Simple Linear Regression

Introduction

Regression analysis is often the first real learning application that aspiring data scientists will come across. It is one of the simplest techniques to master, but it still requires some mathematical and statistical understanding of the underlying process. This lesson will introduce you to the regression process based on the statistical ideas we have discovered so far.

Objectives

You will be able to:

Perform a linear regression using self-constructed functions
Interpret the parameters of a simple linear regression model in relation to what they signify for specific data

Linear Regression

Regression analysis is one of the most important statistical techniques for business applications. It’s a statistical methodology that helps estimate the strength and direction of the relationship between two (or more) variables. Regression results show whether the relationship is valid or not. It also helps to predict an unknown value based on the derived relationship.

Regression Analysis is a parametric technique meaning a set of parameters are used to predict the value of an unknown target variable (or dependent variable) $y$ based on one or more of known input features (or independent variables, predictors), often denoted by $x$.
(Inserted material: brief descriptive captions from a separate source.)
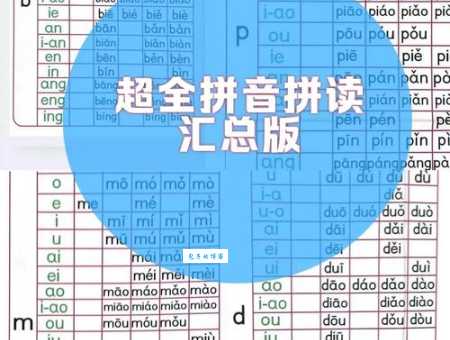 买的拼音学不好?实用攻略来帮忙!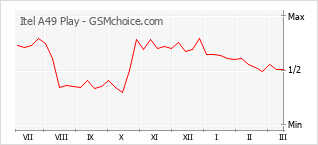 Popularity chart of Itel A49 Play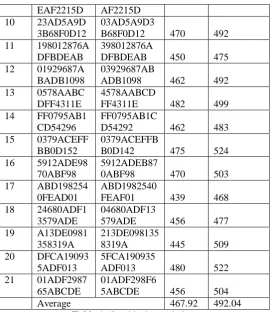 Table 1 :One bit change in key  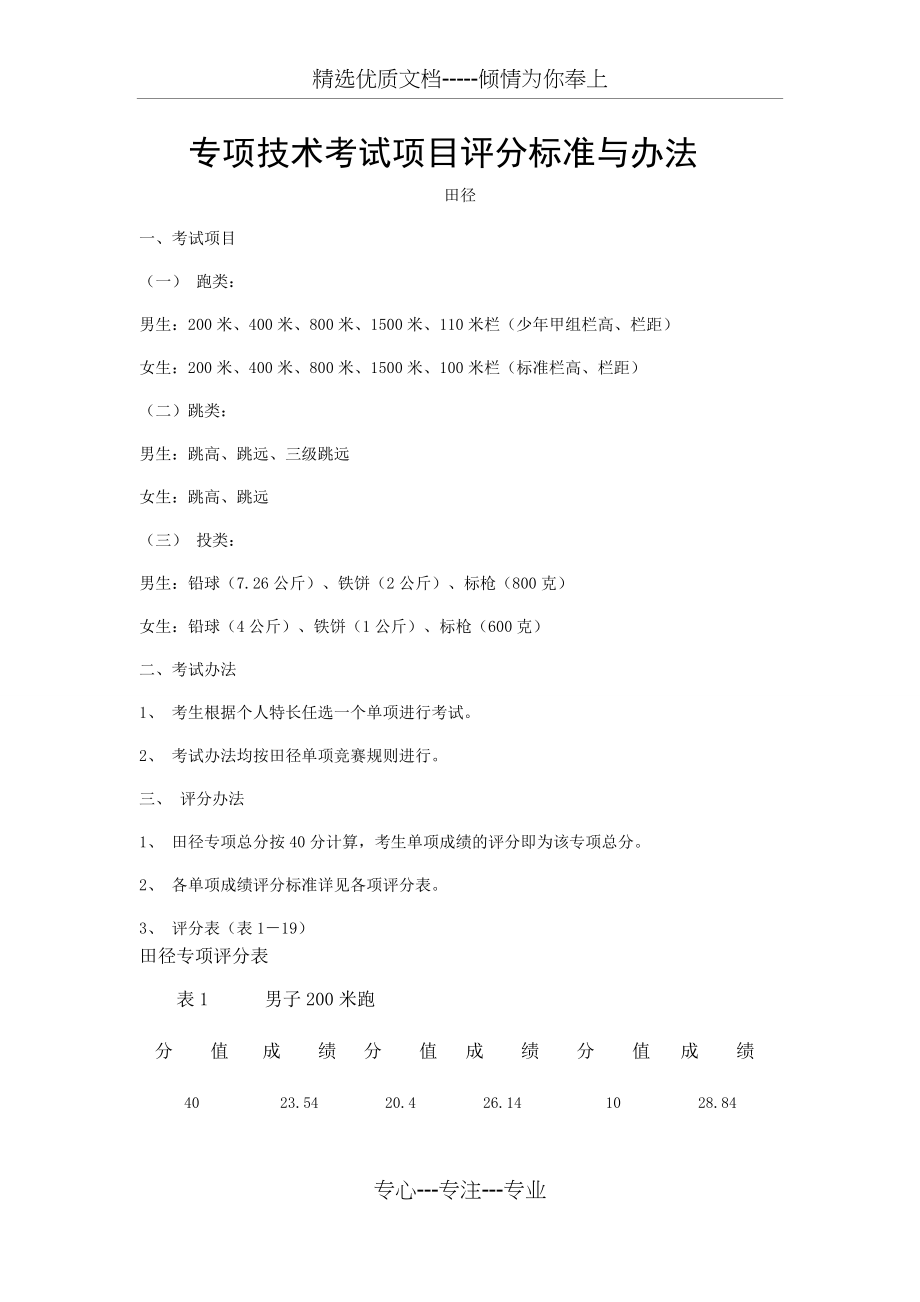 体育高考专项技术考试项目评分标准与办法(共73页)_第1页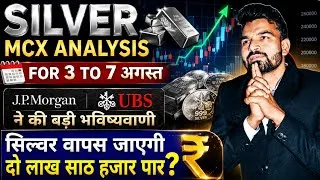 Thumbnail: SILVER MCX ANALYSIS l GOLD SILVER PREDICTION TODAY l 29 JULY 2026 #golsilveranalysis #gold #silver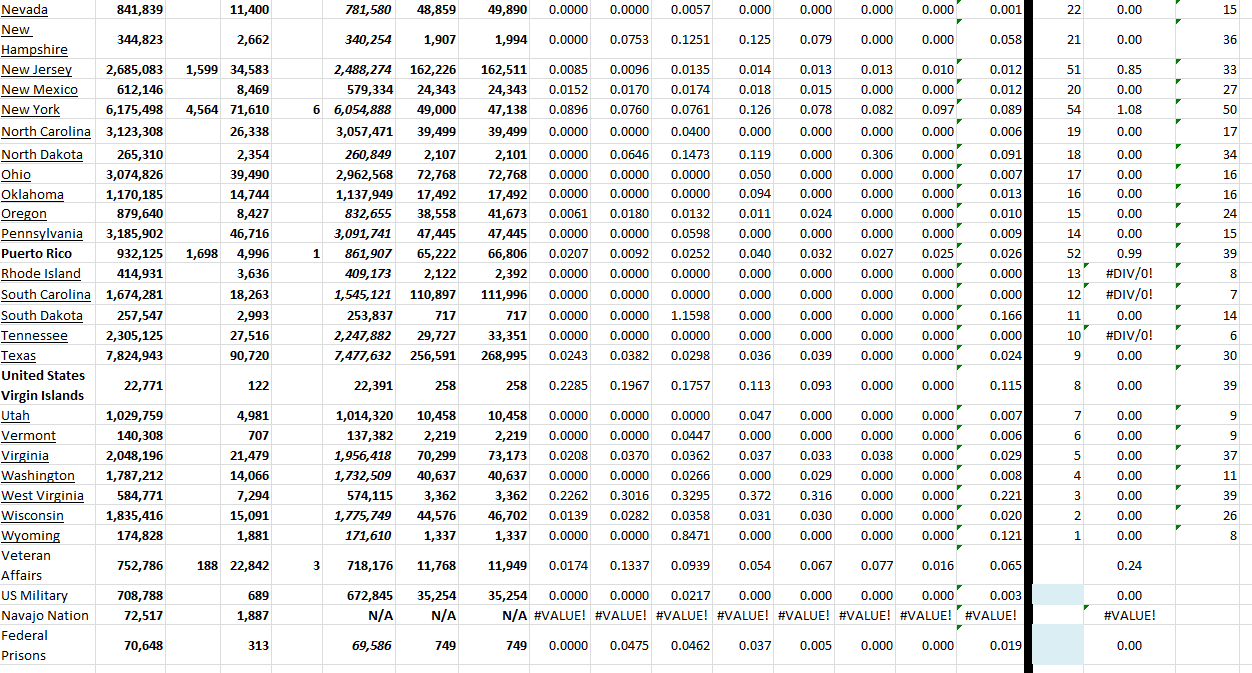State Growth 090422 B.png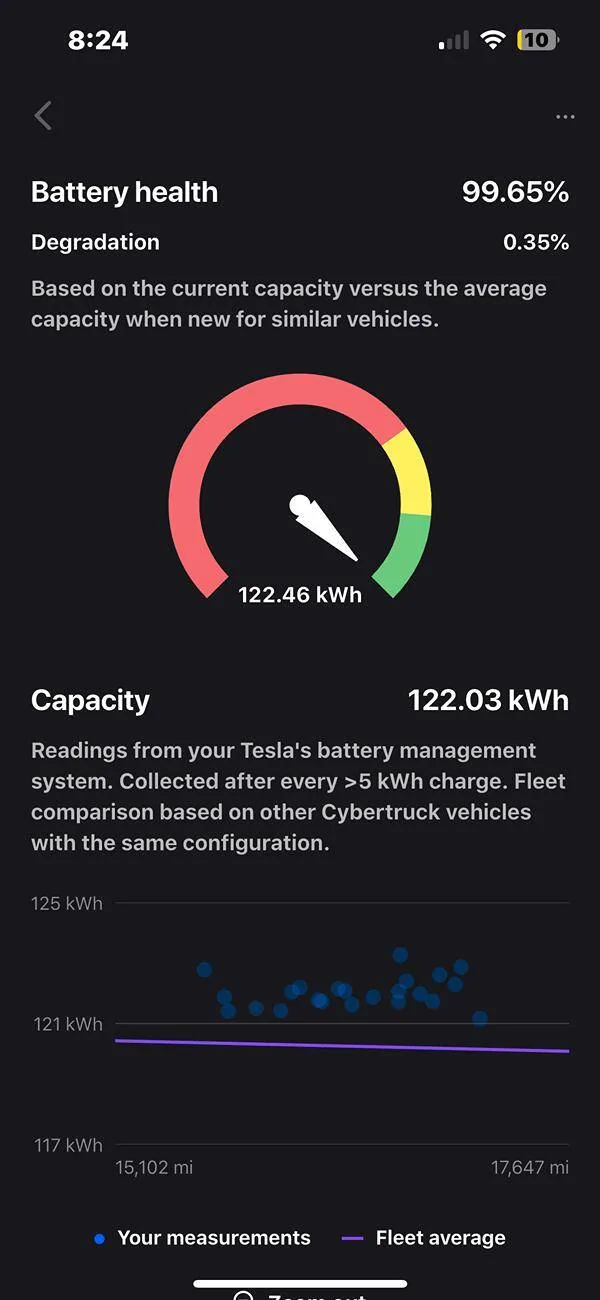 Tesla Cybertruck Battery degradation 3.49% after 10k miles... what's yours so far? IMG_8074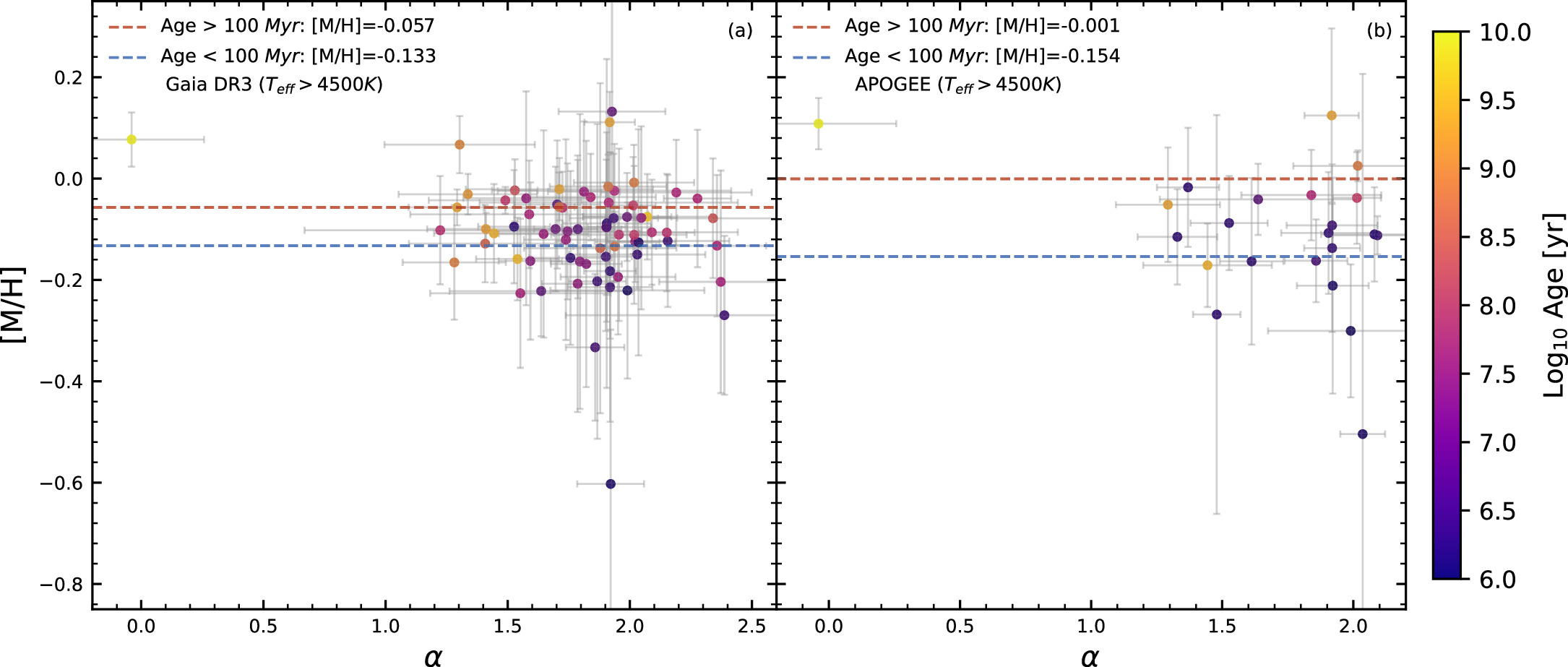 The Present-day Mass Function of Star Clusters in the Solar ...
Let's consider another example. Someone's height and foot size are generally considered to be related. Generally speaking, taller people tend to have bigger feet (and, obviously, shoe size).

We can use a linear regression analysis here to predict foot size (dependent variable), given height (independent variable) of an individual. Regression is proven to give credible results if the data follows some assumptions which will be covered in upcoming lessons in detail. In general, regression analysis helps us in the following ways:

Finding an association or relationship between certain phenomena or variables
Identifying which variables contribute more towards the outcomes
Prediction of future observations

Why "linear" regression?

The term linear implies that the model functions along with a straight (or nearly straight) line. Linearity, one of the assumptions of this approach, suggests that the relationship between dependent and independent variables can be expressed as a straight line.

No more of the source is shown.